Articulação, Mobilização e Controle Social
O quarto eixo do Fome Zero visa estimular a sociedade a firmar parcerias com o governo federal para a realização de campanhas de combate à fome e de segurança alimentar. Algumas de suas ações englobam:
- Centro de Referência de Assistência Social (CRAS);
- Mobilização social e educação cidadã;
- Capacitação de agentes públicos e sociais;
- Mutirões e doações;
- Parcerias com empresas e entidades;
- Conselhos e Comitês de Controle Social.

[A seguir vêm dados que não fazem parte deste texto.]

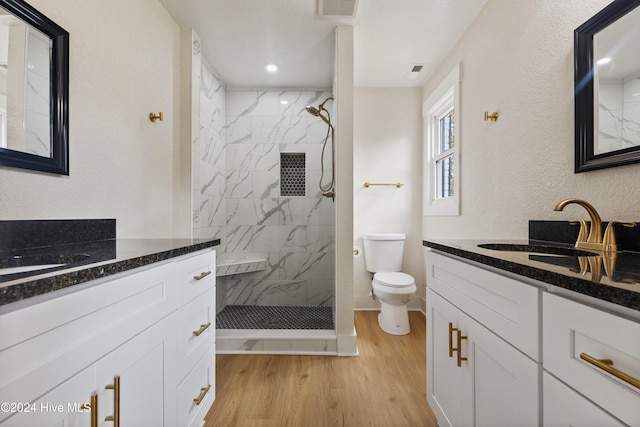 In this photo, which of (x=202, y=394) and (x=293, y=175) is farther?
(x=293, y=175)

Para incentivar a participação da sociedade civil no programa, o movimento para Mobilização Social do Fome Zero criou outros instrumentos inspirados na sigla de Ministério Extraordinário de Segurança Alimentar e Combate à Fome – MESA, que são: COPO, PRATO, SAL e TALHER. Saiba qual era o papel de cada um:
- COPO (Conselho Operativo do Programa Fome Zero): reunia voluntários locais para cuidar da arrecadação de recursos e da doação de alimentos em cada cidade;
- PRATO (Programa de Ação Todos pela Fome Zero): braço operativo do programa, eram comitês de base para voluntários se mobilizarem contra a fome;
- SAL (Agentes de Segurança Alimentar): composto de pessoas capacitadas com a função de monitorar o desenvolvimento das famílias atendidas pelo programa;
- TALHER (Rede de Educação Popular): instrumento de alimentação cultural, era uma rede de centenas de educadores populares com a missão de promover a educação cidadã dos beneficiados.
Fome Zero e Bolsa Família
Criado em 2003, o Bolsa Família integrou o Programa Fome Zero, sendo um dos carros-chefe dessa política pública. Atualmente, ele é o maior programa de transferência de renda do mundo, beneficiando pessoas em situação de pobreza e extrema pobreza.

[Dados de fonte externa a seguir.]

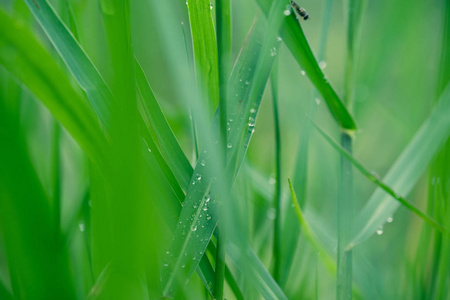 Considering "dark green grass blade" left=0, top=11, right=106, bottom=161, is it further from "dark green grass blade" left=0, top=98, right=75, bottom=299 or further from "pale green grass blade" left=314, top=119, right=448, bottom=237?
"pale green grass blade" left=314, top=119, right=448, bottom=237

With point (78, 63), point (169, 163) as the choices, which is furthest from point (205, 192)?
point (78, 63)

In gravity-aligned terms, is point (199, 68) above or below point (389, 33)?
below

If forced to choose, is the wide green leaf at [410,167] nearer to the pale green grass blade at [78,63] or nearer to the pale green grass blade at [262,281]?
the pale green grass blade at [262,281]

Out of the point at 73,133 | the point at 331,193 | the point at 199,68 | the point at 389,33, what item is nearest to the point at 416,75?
the point at 389,33

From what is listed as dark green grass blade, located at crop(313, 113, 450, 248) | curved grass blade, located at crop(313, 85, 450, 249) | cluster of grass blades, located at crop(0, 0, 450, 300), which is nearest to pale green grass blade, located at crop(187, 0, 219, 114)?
cluster of grass blades, located at crop(0, 0, 450, 300)

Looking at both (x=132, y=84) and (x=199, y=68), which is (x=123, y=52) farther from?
(x=199, y=68)
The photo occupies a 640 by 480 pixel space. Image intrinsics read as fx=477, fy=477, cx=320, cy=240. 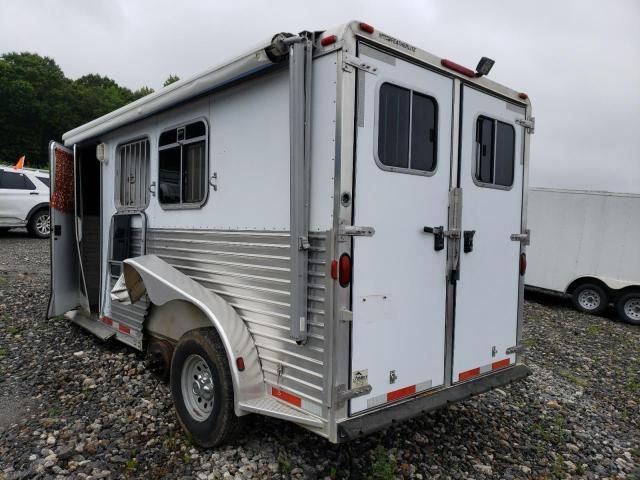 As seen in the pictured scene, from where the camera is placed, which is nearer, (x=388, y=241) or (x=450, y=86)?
(x=388, y=241)

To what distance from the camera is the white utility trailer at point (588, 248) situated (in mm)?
8828

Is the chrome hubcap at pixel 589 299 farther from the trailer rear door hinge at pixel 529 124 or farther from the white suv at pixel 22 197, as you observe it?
the white suv at pixel 22 197

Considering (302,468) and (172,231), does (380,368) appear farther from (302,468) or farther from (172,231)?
(172,231)

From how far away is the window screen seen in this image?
11656 mm

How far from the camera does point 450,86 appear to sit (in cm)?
323

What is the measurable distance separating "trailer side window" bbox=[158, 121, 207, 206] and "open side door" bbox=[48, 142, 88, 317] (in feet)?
7.25

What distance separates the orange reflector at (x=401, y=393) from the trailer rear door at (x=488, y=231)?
456 mm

A iniciativa unificou outros programas de transferência de renda do governo federal que já existiam na gestão de FHC, o Bolsa Escola, o Bolsa Alimentação, o Auxílio Gás e o Cartão Alimentação.
Impactos do Fome Zero
Os impactos do Programa Fome Zero levaram o Brasil a se tornar referência mundial no combate à fome. Entre 2002 e 2013, o número de brasileiros considerados em situação de subalimentação caiu em 82%, segundo a Organização das Nações Unidas para Agricultura e Alimentação (FAO).
Nesse período, o Indicador de Prevalência de Subalimentação também diminuiu, atingindo um nível menor que 5%. No ano seguinte, o avanço nesse índice resultou na saída do país do Mapa da Fome pela primeira vez na história. Infelizmente, o Brasil voltou a figurar nesse índice em 2022 (Saiba mais no artigo: Fome no Brasil: história, causas e consequências).Por sua estratégia de combate à fome e resultados expressivos, a FAO destacou o Brasil no relatório Estado da Insegurança Alimentar no Mundo (SOFI, na sigla em inglês) de 2014. Segundo a organização, o país fez grandes avanços na segurança alimentar e governança nutricional com leis e instituições que são o legado do Programa Fome Zero.
O Fome Zero ainda existe?
O Fome Zero acabou após o término do segundo mandato de Lula. Entretanto, os principais programas vindos dessa política pública continuaram ativos, com destaque para o Bolsa Família. Com a volta de Lula à presidência, para seu terceiro mandato, o governo federal lançou o Plano Brasil Sem Fome, um conjunto de ações e programas com objetivo de reduzir a insegurança alimentar e retirar o Brasil do Mapa da Fome até 2030.